“Então diz-me lá como estamos de deve e haver. O
guarda-livros leva a mão ao queixo parecendo que vai entrar em meditação
profunda, abre um dos livros como para citar uma decisiva verba, mas emenda
ambos os movimentos e contenta-se com dizer, Saiba vossa majestade de que,
haver, havemos cada vez menos, e dever, devemos cada vez mais, Já o mês passado
me disseste o mesmo, E também o outro mês, e o ano que lá vai, por este andar
ainda acabamos por ver o fundo ao saco, majestade, Está longe daqui o fundo dos
nossos sacos, um no Brasil, outro na Índia, quando se esgotarem vamos sabê-lo
com tão grande atraso que poderemos então dizer, afinal estávamos pobres e não
sabíamos, Se vossa majestade me perdoa a o atrevimento, eu ousaria dizer que
estamos pobres e sabemos, Mas, graças sejam dadas a Deus, o dinheiro não tem
faltado, Pois não, e a minha experiência contabilística lembra-me todos os dias
que o pior pobre é aquele a quem o dinheiro não falta, isso se passa em
Portugal, que é um saco sem fundo, entra-lhe o dinheiro pela boca e sai-lhe
pelo cu, com perdão de vossa majestade, Ah, ah, ah, riu o rei, essa tem muita
graça, sim senhor, queres tu dizer na tua que a merda é dinheiro, Não,
majestade, é o dinheiro que é merda, e eu estou em muito boa posição para o
saber, de cócoras, que é como sempre deve estar quem faz as contas do dinheiro
dos outros.
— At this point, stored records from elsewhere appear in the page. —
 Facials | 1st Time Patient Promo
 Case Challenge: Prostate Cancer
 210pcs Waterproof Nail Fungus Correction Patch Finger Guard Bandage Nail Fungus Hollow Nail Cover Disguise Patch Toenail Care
Este diálogo é falso, apócrifo, calunioso, e também profundamente
imoral, não respeita o trono nem o altar, põe um rei e um tesoureiro a falar
como arrieiros em taberna, só faltava que os rodeassem inflamâncias de
maritornes, seria um desbocamento completo, porém, isto que se leu é somente a
tradução moderna do português de sempre, posto o que disse o rei, A partir de
hoje, passas a receber vencimento dobrado para que te não custe tanto fazer
força, Beijo as mãos de vossa majestade, respondeu o guarda-livros.”
(José Saramago, in Memorial do Convento, 1982 Editorial Caminho)
Estamos de cócoras, encolhidos e humilhados, i.e., na merda, e nada fazemos para mudar???